I found this little guy at petsmart today. Excuse his nasty cup water, I just got him home. I was planning to put him in my 10 gallon and divide it but I manged to break the divider before I could actually get the thing in... So now he'll have to spend the night in his (now clean) cup until I get a new one tomorrow. I can't quite tell what he is.. any guesses on tail type.. is he a plakat? The cup he came in just calls him a dragon scale betta.


----------



## Indyfishy (May 31, 2010)

O_O wow he's gorgeous!!!! He's definitely a mustard gas dragon plakat, but he's not in full flare so i can't tell if he's a halfmoon or not. See if you can get him to flare, and if his tail makes a perfect D shape when he's in full flare then he's an HM =) He's amazing, mustard gas dragon's are one of my favorite colors on bettas!


----------



## ksage505 (Sep 19, 2011)

Indyfishy said:


> O_O wow he's gorgeous!!!! He's definitely a mustard gas dragon plakat, but he's not in full flare so i can't tell if he's a halfmoon or not. See if you can get him to flare, and if his tail makes a perfect D shape when he's in full flare then he's an HM =) He's amazing, mustard gas dragon's are one of my favorite colors on bettas!
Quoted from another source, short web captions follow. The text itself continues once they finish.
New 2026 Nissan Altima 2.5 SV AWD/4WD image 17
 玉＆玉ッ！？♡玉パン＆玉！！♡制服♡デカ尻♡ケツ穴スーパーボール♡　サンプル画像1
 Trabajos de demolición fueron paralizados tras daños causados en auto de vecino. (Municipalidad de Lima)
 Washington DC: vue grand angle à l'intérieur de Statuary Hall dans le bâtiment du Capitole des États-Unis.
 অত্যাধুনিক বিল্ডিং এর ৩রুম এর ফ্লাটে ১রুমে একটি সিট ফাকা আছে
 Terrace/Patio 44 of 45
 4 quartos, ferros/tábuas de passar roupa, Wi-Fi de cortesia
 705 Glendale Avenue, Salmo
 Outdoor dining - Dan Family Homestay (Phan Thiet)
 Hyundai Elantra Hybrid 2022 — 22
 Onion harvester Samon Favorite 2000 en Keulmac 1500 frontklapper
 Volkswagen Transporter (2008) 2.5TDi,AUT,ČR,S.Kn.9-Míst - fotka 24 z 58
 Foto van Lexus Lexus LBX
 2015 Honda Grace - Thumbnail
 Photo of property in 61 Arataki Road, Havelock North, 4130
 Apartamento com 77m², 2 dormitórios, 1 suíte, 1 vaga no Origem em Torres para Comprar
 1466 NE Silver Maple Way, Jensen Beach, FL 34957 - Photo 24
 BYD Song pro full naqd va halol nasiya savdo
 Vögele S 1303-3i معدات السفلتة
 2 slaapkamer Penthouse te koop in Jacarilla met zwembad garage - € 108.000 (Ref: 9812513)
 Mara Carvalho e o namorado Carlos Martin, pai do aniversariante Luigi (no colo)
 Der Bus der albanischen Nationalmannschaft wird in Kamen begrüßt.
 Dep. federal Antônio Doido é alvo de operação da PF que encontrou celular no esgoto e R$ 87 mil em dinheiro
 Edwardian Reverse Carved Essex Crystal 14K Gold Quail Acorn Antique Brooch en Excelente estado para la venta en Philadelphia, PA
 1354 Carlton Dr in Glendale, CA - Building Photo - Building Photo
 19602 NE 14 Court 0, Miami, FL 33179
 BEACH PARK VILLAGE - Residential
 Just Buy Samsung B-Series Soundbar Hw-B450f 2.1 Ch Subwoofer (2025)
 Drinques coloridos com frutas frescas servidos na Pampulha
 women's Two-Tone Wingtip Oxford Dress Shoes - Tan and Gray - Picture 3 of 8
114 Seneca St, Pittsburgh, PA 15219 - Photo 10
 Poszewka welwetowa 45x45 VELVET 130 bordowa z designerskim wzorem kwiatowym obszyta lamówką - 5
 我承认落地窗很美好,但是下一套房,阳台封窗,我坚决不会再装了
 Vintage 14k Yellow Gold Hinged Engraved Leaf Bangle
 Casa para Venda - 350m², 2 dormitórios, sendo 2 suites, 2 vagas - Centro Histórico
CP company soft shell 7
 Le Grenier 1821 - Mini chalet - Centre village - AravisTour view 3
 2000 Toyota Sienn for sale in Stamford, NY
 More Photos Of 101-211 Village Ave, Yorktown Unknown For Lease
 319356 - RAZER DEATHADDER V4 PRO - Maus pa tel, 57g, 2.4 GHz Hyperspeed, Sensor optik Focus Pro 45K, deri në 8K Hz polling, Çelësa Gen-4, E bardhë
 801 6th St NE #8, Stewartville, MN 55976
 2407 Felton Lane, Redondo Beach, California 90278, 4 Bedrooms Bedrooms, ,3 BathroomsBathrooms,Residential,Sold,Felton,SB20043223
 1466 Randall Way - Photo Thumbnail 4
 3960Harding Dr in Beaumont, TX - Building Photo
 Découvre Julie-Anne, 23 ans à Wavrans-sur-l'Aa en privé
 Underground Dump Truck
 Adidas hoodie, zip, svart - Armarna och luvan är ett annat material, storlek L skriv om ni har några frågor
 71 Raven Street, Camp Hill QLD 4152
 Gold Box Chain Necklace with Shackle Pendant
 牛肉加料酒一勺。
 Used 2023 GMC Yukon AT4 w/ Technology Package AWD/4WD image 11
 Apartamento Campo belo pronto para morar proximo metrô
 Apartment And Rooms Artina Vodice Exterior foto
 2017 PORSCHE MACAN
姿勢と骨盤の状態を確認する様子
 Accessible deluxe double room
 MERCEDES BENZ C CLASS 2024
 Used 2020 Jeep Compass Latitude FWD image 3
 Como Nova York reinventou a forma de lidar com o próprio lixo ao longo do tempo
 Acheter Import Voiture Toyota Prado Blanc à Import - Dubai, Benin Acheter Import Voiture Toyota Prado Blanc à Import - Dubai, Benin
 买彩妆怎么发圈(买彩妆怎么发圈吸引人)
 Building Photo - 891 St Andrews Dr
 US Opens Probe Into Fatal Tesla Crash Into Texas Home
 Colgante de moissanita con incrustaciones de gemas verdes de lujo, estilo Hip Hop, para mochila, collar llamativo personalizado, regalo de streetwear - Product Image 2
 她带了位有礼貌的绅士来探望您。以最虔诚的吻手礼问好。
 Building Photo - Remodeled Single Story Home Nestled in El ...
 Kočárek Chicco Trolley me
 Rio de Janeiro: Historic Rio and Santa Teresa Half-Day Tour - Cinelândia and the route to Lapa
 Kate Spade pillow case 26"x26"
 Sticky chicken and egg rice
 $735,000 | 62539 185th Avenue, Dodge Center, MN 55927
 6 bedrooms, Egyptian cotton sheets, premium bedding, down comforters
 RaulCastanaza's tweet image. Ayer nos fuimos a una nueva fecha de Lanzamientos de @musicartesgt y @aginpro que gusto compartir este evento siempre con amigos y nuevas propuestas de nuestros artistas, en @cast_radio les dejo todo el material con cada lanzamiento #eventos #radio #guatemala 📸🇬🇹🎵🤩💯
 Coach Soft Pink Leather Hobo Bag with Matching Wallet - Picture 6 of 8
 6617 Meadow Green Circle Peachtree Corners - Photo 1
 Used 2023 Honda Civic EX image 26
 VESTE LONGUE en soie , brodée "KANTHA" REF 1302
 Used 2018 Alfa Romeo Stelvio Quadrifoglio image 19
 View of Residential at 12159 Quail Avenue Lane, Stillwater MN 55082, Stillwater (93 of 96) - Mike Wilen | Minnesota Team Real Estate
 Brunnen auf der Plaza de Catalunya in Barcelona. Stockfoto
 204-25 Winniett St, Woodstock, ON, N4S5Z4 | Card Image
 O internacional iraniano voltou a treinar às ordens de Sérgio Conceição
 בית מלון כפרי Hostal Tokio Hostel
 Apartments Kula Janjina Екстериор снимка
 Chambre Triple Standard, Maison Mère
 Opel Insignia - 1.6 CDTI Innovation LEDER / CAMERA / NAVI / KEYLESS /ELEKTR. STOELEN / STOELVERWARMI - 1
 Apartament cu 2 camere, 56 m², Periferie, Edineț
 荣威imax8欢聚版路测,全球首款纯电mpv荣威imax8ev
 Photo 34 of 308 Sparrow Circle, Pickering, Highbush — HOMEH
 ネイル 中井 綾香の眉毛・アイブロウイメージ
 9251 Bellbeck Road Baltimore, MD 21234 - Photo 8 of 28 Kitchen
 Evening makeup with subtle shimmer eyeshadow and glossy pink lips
Thanks! I love the mustard gas also, so pretty! I was so excited to find him. They didn't have many dragons, one solid white and the rest where blue bodies with quite a few different fin colors. I hope the dark edges are just part of the coloring and not fin rot! I don't see any tears and its trimmed around all fins so I'll see how it goes. His water was really yucky.


----------



## Indyfishy (May 31, 2010)

Good thing you took him home, I'm sure he's appreciating the clean water!!! I don't think the black edges are anything to worry about, my mustard gas veiltail female has them too =)


----------



## MMAsac (Aug 5, 2011)

wow, love that mustard gas, beautoful, very nice!


----------



## Bambi (Sep 11, 2011)

Awesome find. my dragon boy was an all white one from petsmart, but as you can see he's changed color since i bought him


----------



## dramaqueen (Jul 7, 2008)

He looks just like my Dijon! I got him from Petsmart, too. Yep, he's a mustard gas dragon plakat.


----------